On 8/7/2025 10:47 PM, Revar Desmera via Discuss wrote:
Workaround: len([for(x=obj)x])
Yeah, I thought about that, but if there's a need for a "workaround"
then we should just make it work.
I'm not sure when I'de ever actually check how many keys are in an object, except to see if no keys are in the object, in which case I'd just test for !object
.
But I don't see why not to support it.
On Aug 8, 2025, at 12:54 AM, Jordan Brown openscad@jordan.maileater.net wrote:
On 8/7/2025 10:47 PM, Revar Desmera via Discuss wrote:
Workaround: len([for(x=obj)x])
Yeah, I thought about that, but if there's a need for a "workaround" then we should just make it work.
On 8/7/2025 11:33 PM, Steve Lelievre via Discuss wrote:
Revar’s suggestion returning the length of a vector of one object,
which isn’t quite the same thing as the length of the object per se.
First, you need to define the length of an object. Revar's definition,
and the one that I would think of would be "the number of elements in
the object", along the same lines as len(vector).

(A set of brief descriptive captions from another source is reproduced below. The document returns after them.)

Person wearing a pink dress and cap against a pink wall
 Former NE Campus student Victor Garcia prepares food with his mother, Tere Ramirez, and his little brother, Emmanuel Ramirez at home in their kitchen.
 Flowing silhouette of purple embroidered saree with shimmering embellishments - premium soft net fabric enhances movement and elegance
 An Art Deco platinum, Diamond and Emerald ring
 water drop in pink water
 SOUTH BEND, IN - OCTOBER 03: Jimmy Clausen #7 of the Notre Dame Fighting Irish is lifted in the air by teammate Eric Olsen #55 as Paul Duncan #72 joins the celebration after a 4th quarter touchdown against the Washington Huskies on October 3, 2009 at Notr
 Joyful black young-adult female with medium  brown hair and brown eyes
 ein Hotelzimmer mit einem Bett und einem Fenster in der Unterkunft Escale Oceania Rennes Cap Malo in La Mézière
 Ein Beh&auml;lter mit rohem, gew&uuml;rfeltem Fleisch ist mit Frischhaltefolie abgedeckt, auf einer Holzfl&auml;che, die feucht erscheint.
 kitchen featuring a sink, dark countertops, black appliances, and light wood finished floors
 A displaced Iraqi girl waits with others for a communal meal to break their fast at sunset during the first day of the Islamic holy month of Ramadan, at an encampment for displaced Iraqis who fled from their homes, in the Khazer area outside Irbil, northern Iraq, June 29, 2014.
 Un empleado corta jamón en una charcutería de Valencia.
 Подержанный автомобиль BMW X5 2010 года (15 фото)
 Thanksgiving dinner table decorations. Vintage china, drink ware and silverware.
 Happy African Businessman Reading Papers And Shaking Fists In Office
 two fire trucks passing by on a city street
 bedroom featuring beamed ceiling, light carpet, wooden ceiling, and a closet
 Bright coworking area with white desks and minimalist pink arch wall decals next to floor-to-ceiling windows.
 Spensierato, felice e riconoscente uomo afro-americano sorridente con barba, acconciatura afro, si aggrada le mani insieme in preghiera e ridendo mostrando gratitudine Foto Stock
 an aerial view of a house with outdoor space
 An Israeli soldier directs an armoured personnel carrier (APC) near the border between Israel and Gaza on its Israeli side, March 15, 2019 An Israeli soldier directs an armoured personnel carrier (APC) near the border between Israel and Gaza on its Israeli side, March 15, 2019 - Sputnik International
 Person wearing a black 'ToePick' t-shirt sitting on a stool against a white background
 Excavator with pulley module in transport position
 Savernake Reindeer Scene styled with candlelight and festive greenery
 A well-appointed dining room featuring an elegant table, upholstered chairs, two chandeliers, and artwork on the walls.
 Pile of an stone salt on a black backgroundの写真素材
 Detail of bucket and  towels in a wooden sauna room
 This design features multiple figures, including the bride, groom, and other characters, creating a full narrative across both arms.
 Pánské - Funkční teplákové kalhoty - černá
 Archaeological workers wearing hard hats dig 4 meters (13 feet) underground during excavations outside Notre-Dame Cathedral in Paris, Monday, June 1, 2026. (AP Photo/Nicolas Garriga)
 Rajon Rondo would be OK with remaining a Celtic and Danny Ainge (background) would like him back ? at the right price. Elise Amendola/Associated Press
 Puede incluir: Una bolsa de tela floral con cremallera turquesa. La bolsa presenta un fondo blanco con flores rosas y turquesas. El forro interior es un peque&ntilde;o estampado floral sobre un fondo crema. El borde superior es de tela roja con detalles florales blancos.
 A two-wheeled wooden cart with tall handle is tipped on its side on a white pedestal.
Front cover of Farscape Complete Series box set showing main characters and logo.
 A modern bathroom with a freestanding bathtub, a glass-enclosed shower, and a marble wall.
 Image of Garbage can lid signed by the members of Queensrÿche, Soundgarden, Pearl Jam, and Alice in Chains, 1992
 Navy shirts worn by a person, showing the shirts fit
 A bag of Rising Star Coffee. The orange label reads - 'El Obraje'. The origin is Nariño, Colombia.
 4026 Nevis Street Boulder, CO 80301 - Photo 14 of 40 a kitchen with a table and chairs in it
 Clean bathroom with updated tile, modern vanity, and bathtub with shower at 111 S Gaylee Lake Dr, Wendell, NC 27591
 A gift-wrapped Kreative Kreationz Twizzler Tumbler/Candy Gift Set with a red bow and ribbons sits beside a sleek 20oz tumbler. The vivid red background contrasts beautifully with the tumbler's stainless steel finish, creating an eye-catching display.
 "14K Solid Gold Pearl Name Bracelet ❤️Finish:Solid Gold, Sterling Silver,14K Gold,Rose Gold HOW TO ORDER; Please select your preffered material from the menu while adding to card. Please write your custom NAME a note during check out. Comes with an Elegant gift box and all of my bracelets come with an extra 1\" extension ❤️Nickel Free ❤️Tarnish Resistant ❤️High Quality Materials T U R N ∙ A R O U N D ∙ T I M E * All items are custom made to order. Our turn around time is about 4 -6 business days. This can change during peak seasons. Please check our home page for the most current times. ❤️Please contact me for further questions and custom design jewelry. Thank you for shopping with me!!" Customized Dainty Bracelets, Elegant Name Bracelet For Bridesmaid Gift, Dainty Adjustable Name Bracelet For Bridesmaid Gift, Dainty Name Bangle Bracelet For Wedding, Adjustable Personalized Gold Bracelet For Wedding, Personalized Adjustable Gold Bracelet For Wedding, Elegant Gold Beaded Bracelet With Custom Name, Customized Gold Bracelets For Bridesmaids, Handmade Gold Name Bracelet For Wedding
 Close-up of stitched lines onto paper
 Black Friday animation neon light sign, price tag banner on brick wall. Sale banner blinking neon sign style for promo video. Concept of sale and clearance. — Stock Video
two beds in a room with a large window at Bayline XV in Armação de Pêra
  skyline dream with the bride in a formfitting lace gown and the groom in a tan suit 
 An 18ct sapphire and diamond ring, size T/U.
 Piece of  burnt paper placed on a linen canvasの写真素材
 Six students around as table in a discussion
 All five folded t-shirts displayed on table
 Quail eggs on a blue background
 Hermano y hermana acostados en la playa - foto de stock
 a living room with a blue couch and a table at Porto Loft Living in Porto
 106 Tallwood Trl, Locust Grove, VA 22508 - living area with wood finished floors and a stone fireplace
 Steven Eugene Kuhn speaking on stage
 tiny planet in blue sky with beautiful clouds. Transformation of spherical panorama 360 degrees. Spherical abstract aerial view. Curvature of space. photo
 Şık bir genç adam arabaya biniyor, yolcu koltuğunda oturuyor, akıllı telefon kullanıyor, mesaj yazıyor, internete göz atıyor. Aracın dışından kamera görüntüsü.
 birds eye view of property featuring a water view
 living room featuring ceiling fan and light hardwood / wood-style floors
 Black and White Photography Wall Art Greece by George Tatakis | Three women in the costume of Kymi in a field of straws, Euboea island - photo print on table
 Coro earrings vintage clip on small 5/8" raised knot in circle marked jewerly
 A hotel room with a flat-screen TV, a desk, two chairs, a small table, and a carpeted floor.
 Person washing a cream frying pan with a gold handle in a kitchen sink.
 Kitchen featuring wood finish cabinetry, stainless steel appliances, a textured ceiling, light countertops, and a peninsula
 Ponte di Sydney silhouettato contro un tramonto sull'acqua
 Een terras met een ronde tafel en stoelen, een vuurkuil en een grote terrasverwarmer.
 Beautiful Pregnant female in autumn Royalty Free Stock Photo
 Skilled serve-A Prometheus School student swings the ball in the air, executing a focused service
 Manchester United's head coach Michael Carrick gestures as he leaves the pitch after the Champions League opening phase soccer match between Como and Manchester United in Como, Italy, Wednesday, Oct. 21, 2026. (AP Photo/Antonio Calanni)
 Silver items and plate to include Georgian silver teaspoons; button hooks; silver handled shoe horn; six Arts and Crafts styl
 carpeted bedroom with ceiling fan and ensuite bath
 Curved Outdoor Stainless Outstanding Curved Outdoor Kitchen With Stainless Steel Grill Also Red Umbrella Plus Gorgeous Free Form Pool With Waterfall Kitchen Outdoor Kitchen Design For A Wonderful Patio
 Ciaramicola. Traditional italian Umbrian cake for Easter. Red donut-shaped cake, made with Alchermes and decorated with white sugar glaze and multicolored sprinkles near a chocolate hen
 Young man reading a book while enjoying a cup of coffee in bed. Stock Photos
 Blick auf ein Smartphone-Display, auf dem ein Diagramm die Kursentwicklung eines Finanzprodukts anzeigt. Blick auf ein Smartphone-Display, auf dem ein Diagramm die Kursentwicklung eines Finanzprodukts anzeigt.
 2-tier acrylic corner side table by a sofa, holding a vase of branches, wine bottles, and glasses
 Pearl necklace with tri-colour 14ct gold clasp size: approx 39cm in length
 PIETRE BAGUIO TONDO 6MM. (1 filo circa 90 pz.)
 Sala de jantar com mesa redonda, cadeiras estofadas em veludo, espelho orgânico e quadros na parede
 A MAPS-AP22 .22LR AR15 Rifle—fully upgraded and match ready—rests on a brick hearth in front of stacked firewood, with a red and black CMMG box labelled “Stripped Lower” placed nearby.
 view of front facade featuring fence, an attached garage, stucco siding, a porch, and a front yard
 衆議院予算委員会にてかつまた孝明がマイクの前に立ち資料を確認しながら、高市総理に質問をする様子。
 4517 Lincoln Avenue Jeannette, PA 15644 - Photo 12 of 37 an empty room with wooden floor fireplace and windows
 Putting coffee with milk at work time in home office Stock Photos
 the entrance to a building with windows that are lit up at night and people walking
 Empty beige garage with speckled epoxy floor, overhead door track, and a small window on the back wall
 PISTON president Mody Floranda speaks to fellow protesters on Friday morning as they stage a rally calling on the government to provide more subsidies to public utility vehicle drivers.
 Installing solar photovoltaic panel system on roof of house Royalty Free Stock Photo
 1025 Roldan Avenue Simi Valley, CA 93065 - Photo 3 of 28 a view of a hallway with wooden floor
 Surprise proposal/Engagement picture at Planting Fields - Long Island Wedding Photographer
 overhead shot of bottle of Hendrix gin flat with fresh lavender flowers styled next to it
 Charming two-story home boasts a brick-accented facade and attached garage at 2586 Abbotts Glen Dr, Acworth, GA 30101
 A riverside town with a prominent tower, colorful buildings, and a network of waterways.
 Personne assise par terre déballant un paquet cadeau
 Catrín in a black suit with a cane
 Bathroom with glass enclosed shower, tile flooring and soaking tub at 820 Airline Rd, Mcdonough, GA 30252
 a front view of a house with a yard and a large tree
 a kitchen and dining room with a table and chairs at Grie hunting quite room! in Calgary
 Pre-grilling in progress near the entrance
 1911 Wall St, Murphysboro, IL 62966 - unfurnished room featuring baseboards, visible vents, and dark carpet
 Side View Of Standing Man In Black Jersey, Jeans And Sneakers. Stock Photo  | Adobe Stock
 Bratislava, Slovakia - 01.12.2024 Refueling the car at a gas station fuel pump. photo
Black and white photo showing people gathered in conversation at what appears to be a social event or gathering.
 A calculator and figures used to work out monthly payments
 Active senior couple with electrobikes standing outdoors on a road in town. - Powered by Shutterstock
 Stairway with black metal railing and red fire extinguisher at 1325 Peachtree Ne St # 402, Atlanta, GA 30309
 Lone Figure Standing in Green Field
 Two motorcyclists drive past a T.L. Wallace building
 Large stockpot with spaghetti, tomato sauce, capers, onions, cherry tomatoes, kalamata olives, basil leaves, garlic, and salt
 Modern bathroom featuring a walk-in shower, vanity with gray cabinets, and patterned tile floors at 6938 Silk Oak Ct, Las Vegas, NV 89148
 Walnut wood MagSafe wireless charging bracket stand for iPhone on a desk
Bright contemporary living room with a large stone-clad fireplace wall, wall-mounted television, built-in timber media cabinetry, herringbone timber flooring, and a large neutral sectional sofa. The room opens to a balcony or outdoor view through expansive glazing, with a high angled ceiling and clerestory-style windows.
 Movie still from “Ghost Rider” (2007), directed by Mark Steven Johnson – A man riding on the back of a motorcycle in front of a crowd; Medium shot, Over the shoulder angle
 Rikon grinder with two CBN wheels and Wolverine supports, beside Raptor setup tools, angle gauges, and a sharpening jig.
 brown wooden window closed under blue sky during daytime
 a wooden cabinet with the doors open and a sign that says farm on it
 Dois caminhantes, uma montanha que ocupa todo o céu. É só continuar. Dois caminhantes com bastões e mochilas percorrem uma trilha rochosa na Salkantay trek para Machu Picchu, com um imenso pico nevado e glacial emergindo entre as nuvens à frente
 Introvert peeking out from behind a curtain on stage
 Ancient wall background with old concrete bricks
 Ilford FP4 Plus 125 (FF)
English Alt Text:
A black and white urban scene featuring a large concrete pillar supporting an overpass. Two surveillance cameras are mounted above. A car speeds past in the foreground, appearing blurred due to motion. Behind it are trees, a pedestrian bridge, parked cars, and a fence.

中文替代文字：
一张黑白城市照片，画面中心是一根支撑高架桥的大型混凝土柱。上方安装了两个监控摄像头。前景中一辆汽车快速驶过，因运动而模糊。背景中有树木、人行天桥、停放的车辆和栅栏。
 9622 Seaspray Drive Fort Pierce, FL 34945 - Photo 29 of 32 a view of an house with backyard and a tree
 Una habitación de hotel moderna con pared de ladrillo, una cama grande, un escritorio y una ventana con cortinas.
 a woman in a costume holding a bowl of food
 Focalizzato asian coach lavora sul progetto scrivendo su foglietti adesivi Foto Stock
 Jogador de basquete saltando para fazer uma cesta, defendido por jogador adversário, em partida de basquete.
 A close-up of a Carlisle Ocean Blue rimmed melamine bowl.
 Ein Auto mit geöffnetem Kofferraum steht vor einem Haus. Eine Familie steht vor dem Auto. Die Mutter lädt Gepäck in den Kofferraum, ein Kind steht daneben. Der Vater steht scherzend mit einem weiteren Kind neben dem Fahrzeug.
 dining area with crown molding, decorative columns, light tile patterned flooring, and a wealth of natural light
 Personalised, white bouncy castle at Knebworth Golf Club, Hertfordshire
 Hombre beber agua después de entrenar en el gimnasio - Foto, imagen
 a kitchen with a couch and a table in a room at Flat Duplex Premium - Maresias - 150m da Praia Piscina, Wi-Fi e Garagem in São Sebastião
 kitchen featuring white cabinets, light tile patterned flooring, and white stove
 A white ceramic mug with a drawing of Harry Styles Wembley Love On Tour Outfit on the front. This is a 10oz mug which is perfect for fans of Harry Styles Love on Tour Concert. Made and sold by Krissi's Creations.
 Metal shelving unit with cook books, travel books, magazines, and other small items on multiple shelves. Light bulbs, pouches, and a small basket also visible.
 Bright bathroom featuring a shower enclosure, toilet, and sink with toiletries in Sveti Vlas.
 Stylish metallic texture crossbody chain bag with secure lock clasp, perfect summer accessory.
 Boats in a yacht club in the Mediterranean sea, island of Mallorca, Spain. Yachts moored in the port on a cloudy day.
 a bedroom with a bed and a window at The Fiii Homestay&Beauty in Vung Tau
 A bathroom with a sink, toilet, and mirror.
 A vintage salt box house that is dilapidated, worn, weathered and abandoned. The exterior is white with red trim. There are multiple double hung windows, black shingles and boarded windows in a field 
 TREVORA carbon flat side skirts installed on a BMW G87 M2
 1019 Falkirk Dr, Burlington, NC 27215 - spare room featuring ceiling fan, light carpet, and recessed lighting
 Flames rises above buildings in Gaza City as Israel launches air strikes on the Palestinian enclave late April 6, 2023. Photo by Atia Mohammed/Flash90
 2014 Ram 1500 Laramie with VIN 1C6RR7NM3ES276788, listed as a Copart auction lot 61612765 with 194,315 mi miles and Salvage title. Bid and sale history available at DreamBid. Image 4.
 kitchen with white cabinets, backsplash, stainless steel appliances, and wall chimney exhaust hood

I'm not immediately
coming up with a different definition that would be more useful. (Heck,
I'm not immediately coming up with a different definition that would be
useful at all.)
For comparison, what does len do for any other non-vector, non-string
variable? (I’m away from home so can’t check)
It's an error.
On 8/8/2025 12:58 AM, Revar Desmera via Discuss wrote:
I'm not sure when I'de ever actually check how many keys are in an object, except to see if no keys are in the object, in which case I'd just test for !object
.
But I don't see why not to support it.
I'm in pretty much the same boat there, except that it's pretty rare
that I even want to know whether there are no keys.
I created a PR.
https://github.com/openscad/openscad/pull/6080
On 8 Aug 2025, at 09:54, Jordan Brown via Discuss discuss@lists.openscad.org wrote:
On 8/7/2025 10:47 PM, Revar Desmera via Discuss wrote:
Workaround: len([for(x=obj)x])
Yeah, I thought about that, but if there's a need for a "workaround" then we should just make it work.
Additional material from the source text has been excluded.